Copy every record exactly as it stands. Leave the pictures out.

BEGIN Supplied data

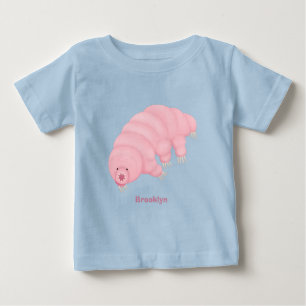 Niedlicher rosafarbener kardialer Cartoon Baby T-shirt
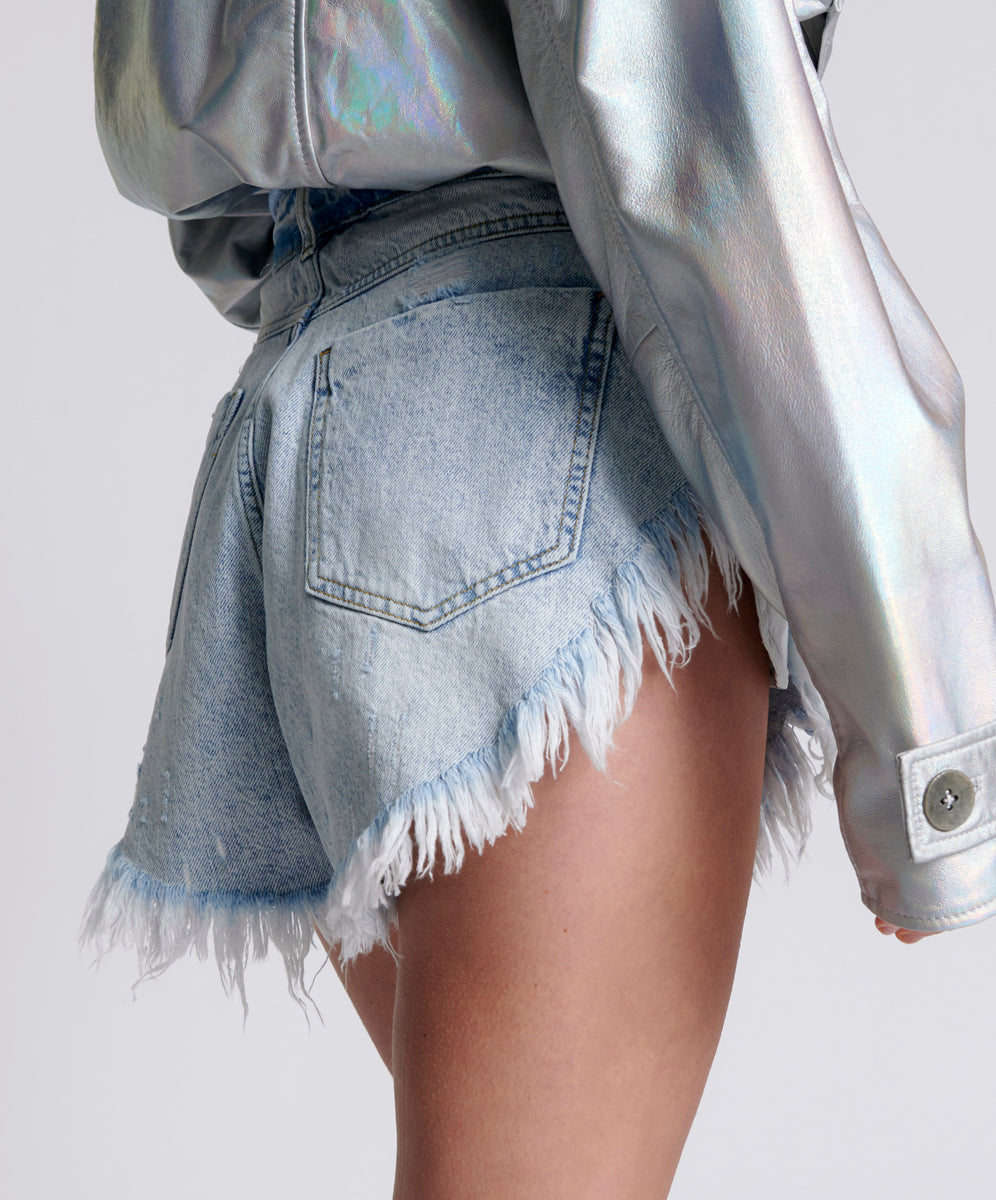 Scout High Waist Flippy Denim Short | One Teaspoon USA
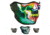 Zan Headgear Neoprene Half Face Mask, Electric Skull, Mossy Oak Break-Up Country, Paint Skull, Realtree Edge
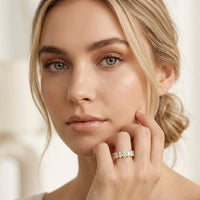 0.19 Ct Oval Cut Prong Set Slim Band Ring
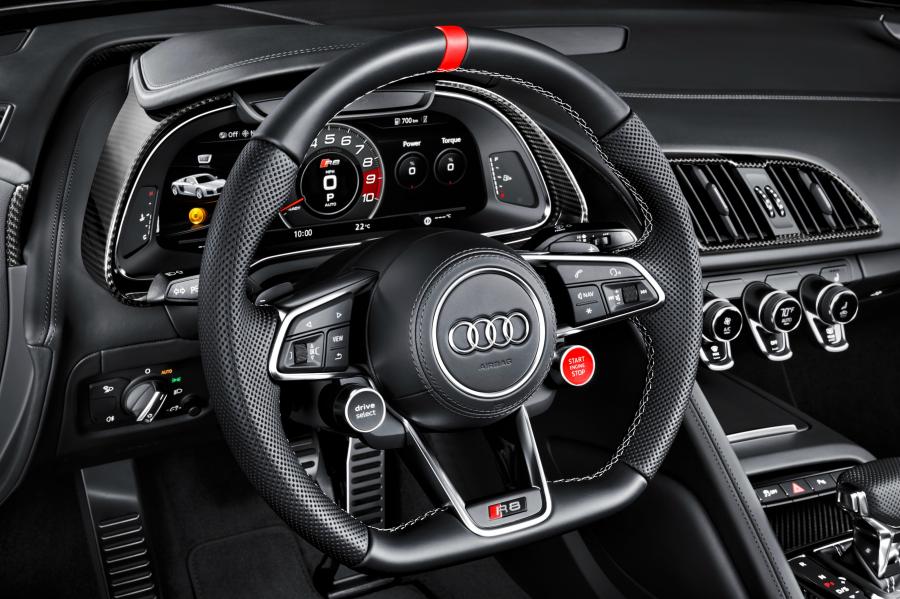 Панель приборов Audi R8 V10 Edition Audi Sport 2017 года  (фото 12 из 13)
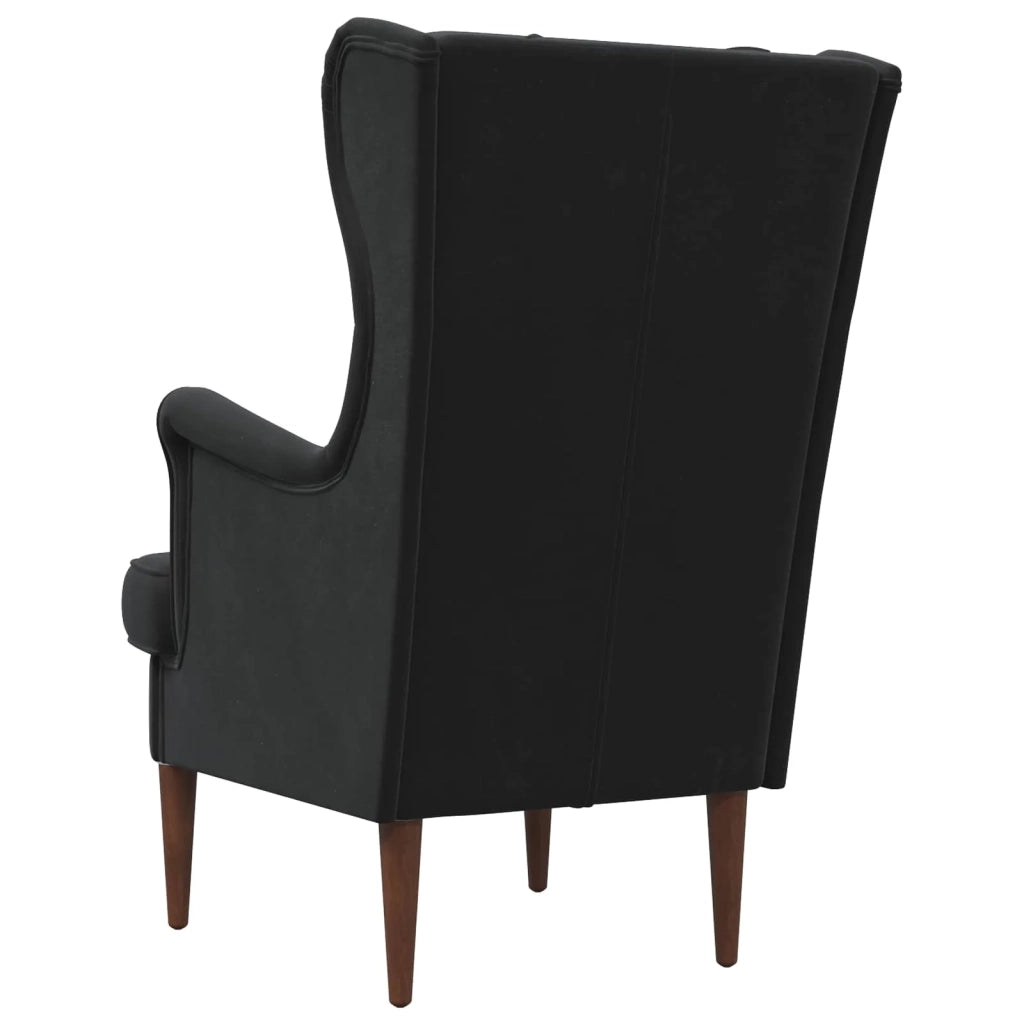 Divano Sedia-Poltrona-Poltroncina Nero Velluto 174682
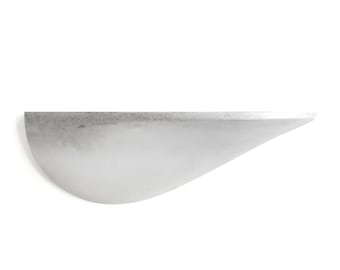 Wall Shelf Concrete Light Gray Large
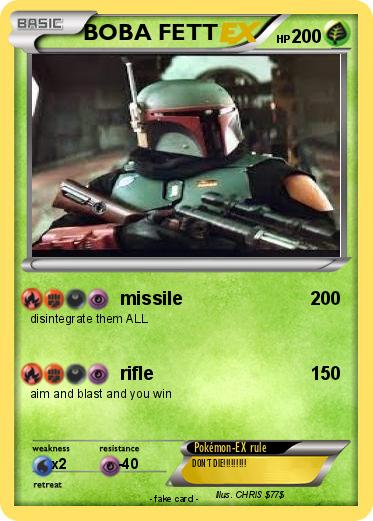Pokemon BOBA FETT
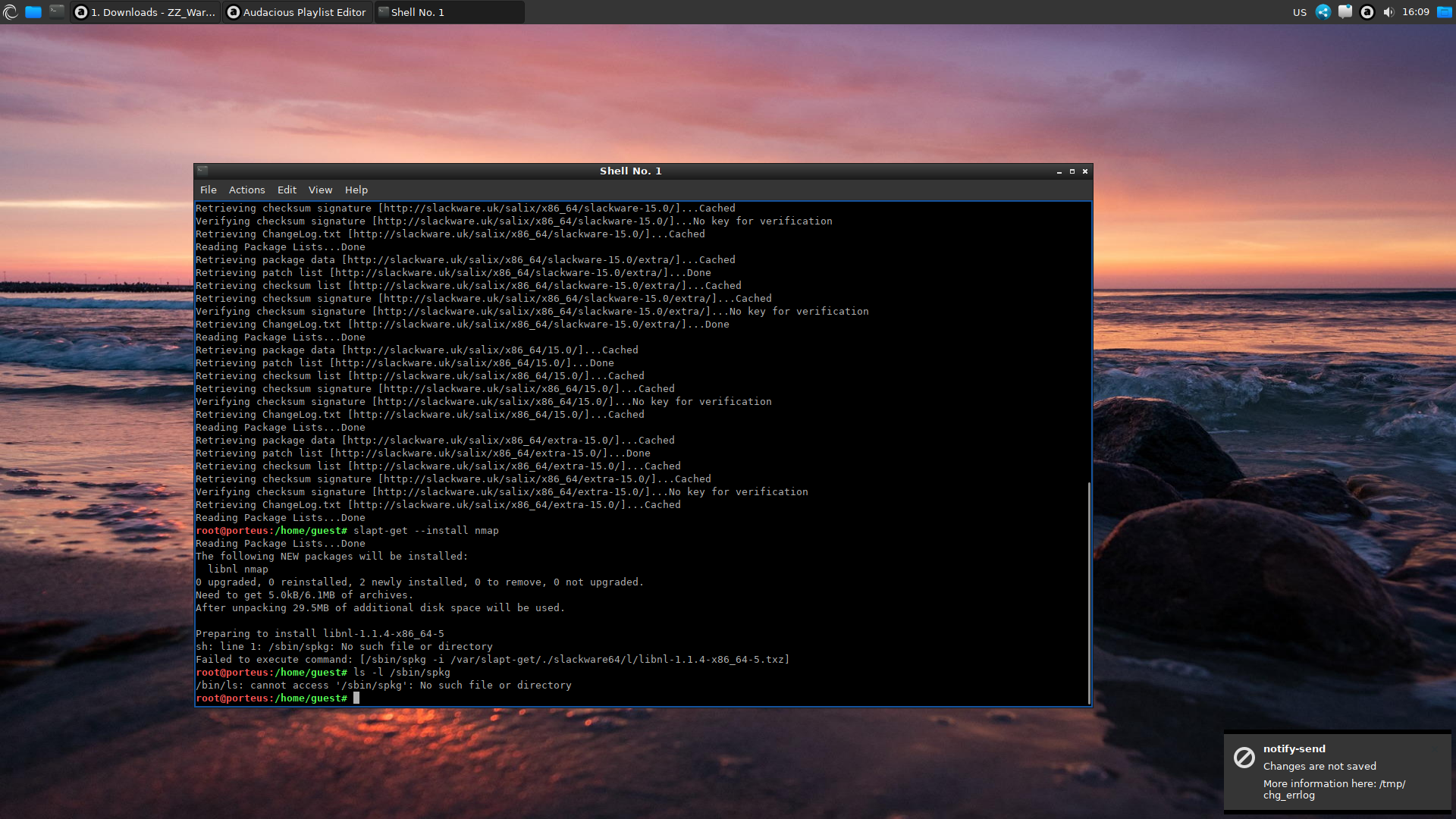 Porteus desktop screenshot: 5.01 packages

END Supplied data

Expected answer ->
 Niedlicher rosafarbener kardialer Cartoon Baby T-shirt
 Scout High Waist Flippy Denim Short | One Teaspoon USA
 Zan Headgear Neoprene Half Face Mask, Electric Skull, Mossy Oak Break-Up Country, Paint Skull, Realtree Edge
 0.19 Ct Oval Cut Prong Set Slim Band Ring
 Панель приборов Audi R8 V10 Edition Audi Sport 2017 года  (фото 12 из 13)
 Divano Sedia-Poltrona-Poltroncina Nero Velluto 174682
 Wall Shelf Concrete Light Gray Large
Pokemon BOBA FETT
 Porteus desktop screenshot: 5.01 packages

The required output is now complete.